Sultan Qabus ibn Said, therefore, faced different challenges in 1993 than those he confronted when he assumed power in 1970 through a palace coup d'état. Then, the rebellion of tribes in southern Dhofar (also seen as Zufar) region and the exploitation of the country's oil reserves had taken precedence.

Opportunities in urban centers stimulated a rural-urban shift, reducing the number of individuals engaged in agricultural labor and contributing to the key role of the oil sector in the economy. On the one hand, an increasingly urbanized population has the potential to be better educated and better enumerated. On the other hand, the small indigenous population has necessitated the presence of a large foreign labor force. This has contributed to an informal caste system, with Omanis clearly ranked highest in the hierarchy, followed by Westerners, with non-Western foreigners at the bottom.

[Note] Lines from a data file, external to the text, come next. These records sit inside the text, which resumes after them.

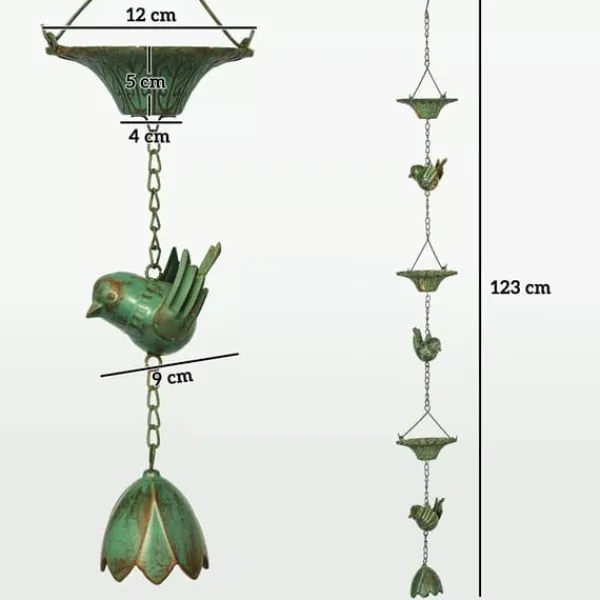 Online Outsunny 3 stk. Grøn Regnkæde i Metal - 123cm - Med Kolibri & Lotusklokke Dekoration - Til Tagrender Havedekorationer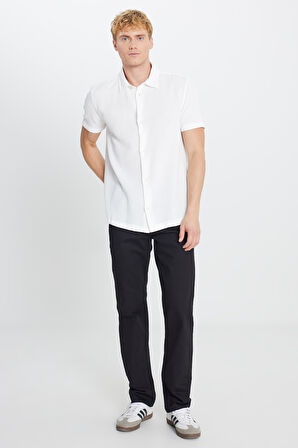 %100 Pamuk Relaxed Fit Geniş Kesim Kırık Beyaz Gömlek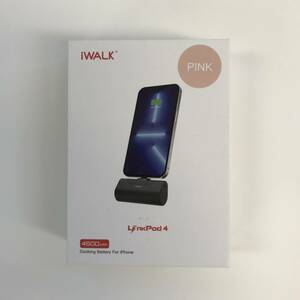 【1円オークション】 iWALK モバイルバッテリー 超小型 iPhone 4500mAh コネクター内蔵 コードレス 軽量 直接充電 PSE認証済 TS01A000118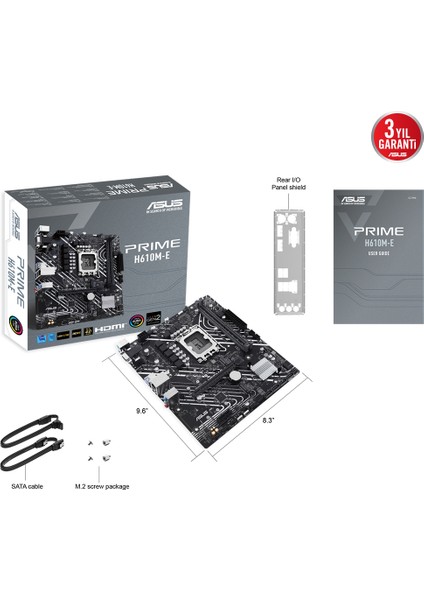 Prıme H610M-E-Csm Intel H610 Lga1700 Ddr5 5600 Dp Hdmı Vga Çift M2 Usb3.2 Aura Rgb Matx (Prıme H610M-E-Csm) Anakart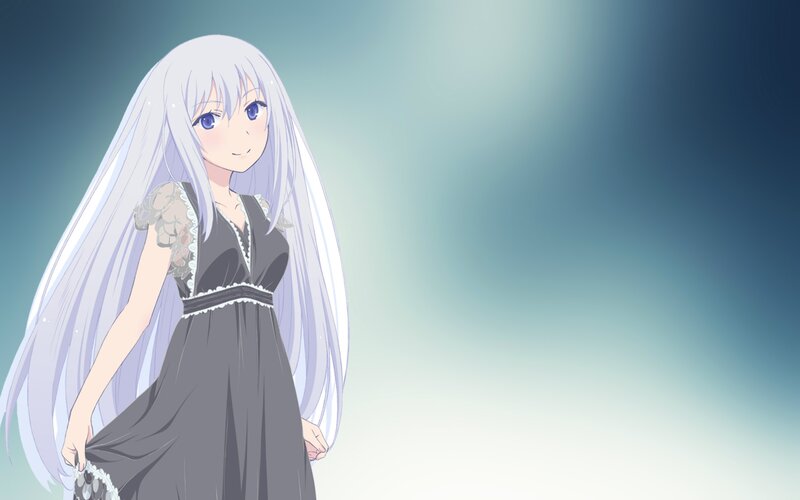 anime girl with long white hair
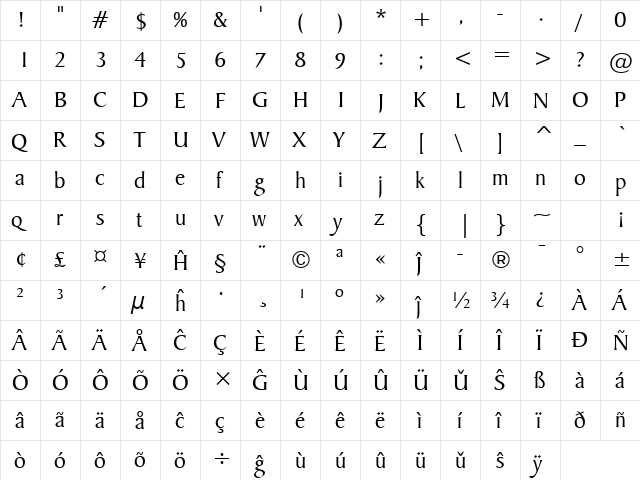 BakerSignet BT Eo Roman  glyph index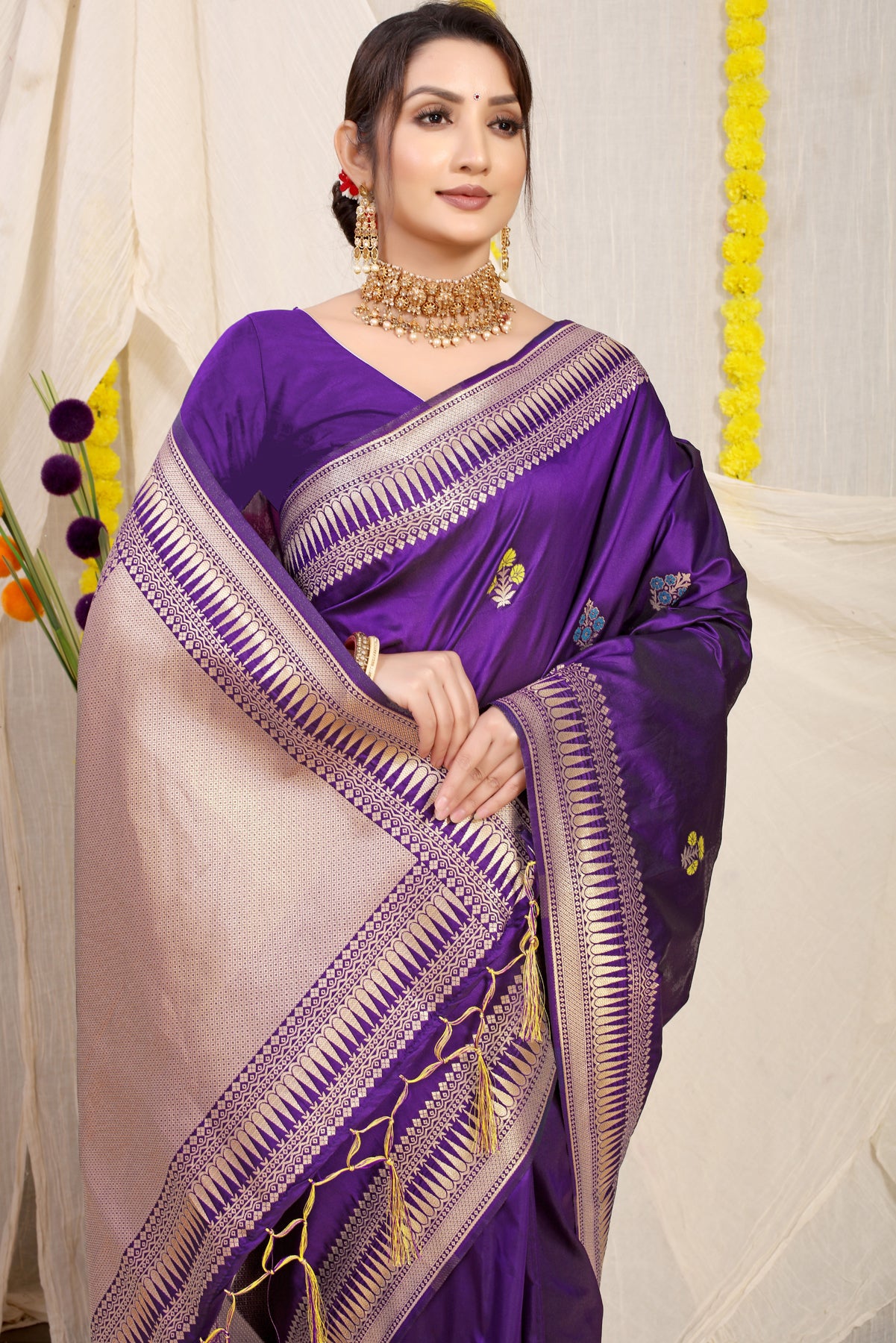 Wine Purple Handloom Weave Kanjivaram Silk Saree : Top Pick
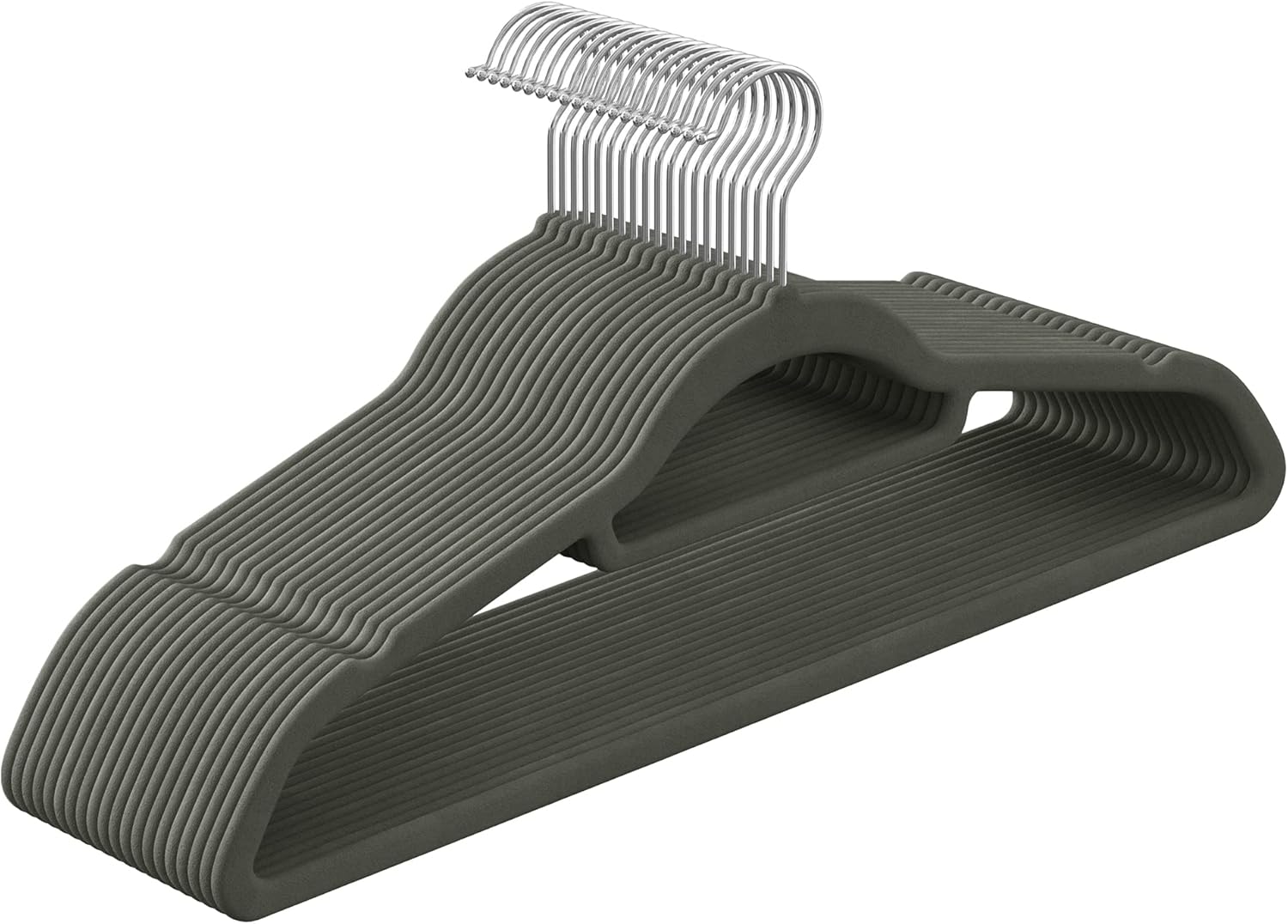 SONGMICS Velvet Hangers, Set of 20 Clothes Coat Hangers, Non-Slip, with Tie Bar and 360° Swivel Hook, Space-Saving, 0.6 cm Thick, 43.5 cm Long, for Dresses Trousers, Grey CRF20V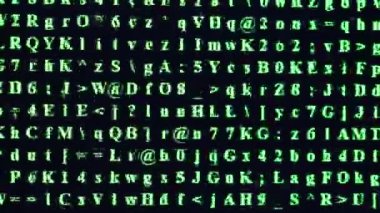 Bilgisayar ekranının siyah arkaplanı üzerindeki yeşil ASCII Karakterleri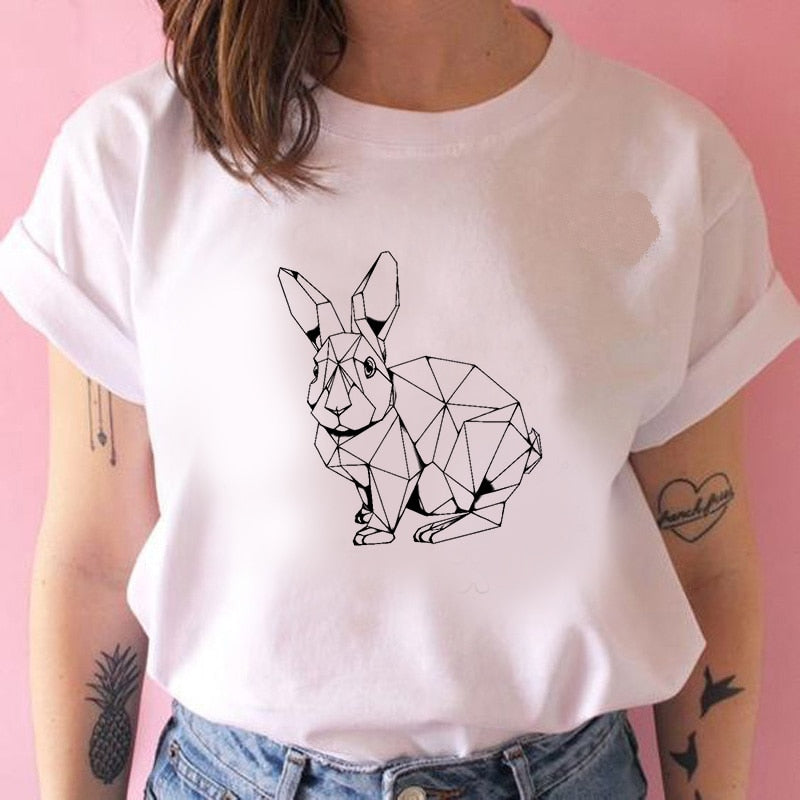 2022 Pydshop Casual Funny t shirt Geometric fox Print Women tshirt Gift Lady Yong Girl Top Tee Harajuku T Shirt Korean Tops Kawaii Streetwear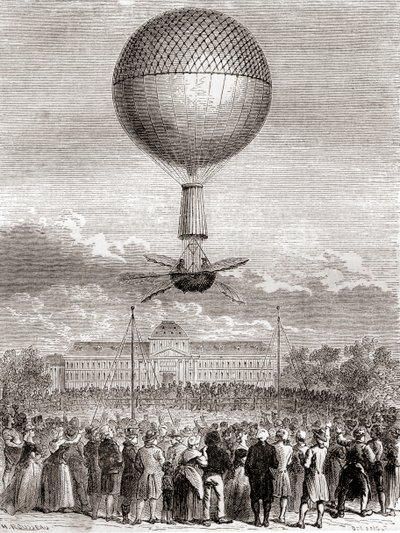 Den første vellykkede ballongflyvningen til Jean-Pierre François Blanchard 2. mars 1784, i en hydrogengassballong skutt opp fra Champ de Mars, Paris, Frankrike, fra Les Merveilles de la Science, publisert ca. 1870 (gravering) av French School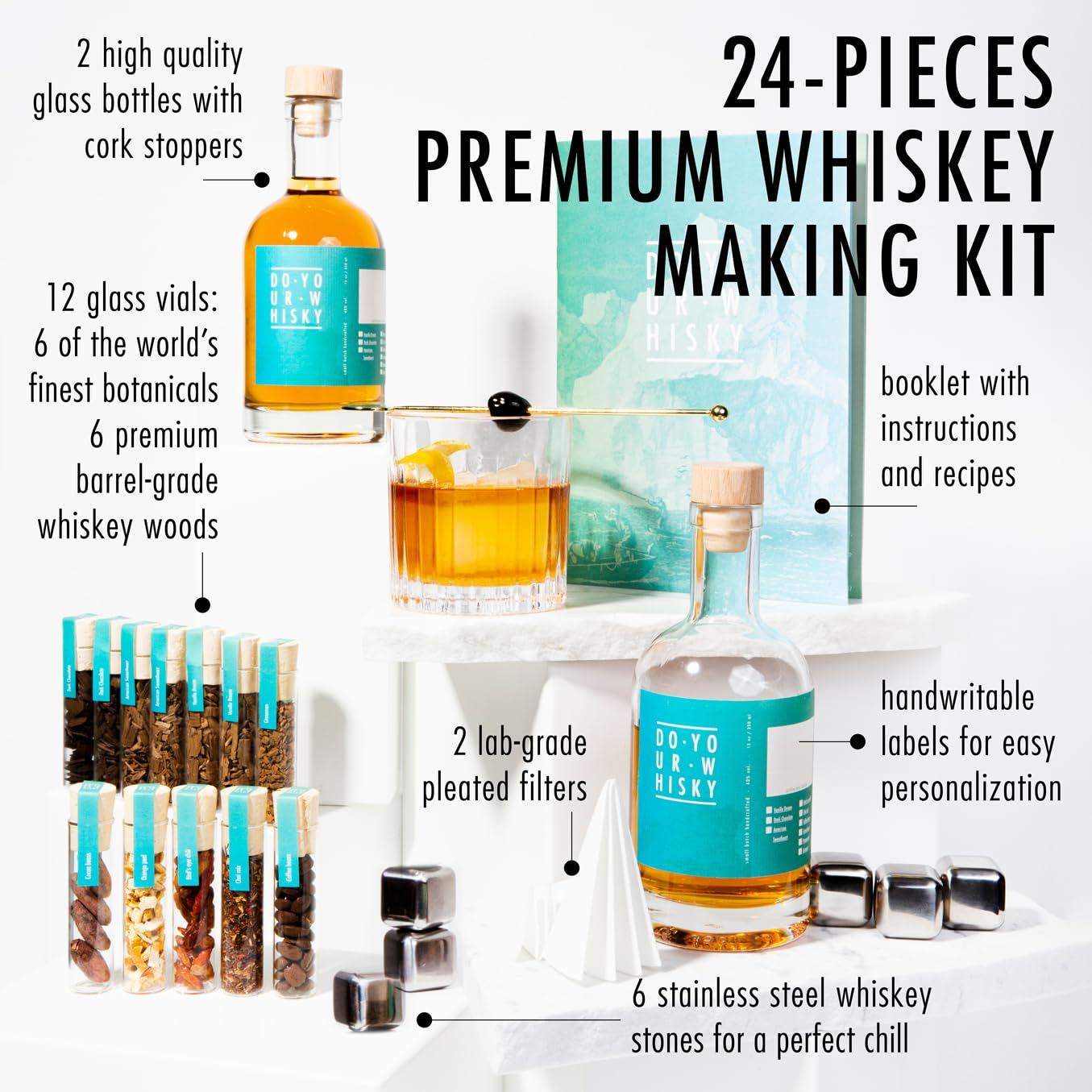 DO Your Whisky | DIY Whiskey Infusion Set | Whiskey Making Kit | 12 Woodchips & Botanicals | 6 Whiskey Stones & Recipe Guide Anniversary, or Birthday Gift for Him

Economic development has resulted in social transformation, not only in terms of diminishing the importance of the tribal element in Oman and stratifying Omani society but also in terms of inadvertently engendering a sense of entitlement among the public, common to social welfare states. In doing so, the government has been under increasing pressure to provide suitable employment for new migrants to the cities from village communities and to new graduates from colleges, to expand its social services, and to maintain the security of the country.

To fulfill these expectations, the government must ensure sustainable economic growth. Therefore, the policies of diversification and indigenization have taken on greater importance. Diversification is needed to ensure growth in the post-oil era; indigenization potentially eliminates the demand for foreign labor and increases opportunities for Omani nationals. The problems of the 1990s are resistant to change, however. The depletion of the country's proven oil reserves (at the production rate of 1992, reserves will be depleted within seventeen years) heightens the need for economic diversification, but so far, non-oil sectors have shown limited potential.

The net effect of the government's policies has been to link economic conditions with political stability. The suppression of the Dhofar rebellion in the first half of the 1970s provided a lesson for Sultan Qabus ibn Said. By addressing the gross economic neglect of the south, the government was able to ensure some political quiescence. In providing the majority of Omanis with adequate income through employment in the public sector, health and medical services, education, and other social services, the government has similarly ensured a modicum of public political support.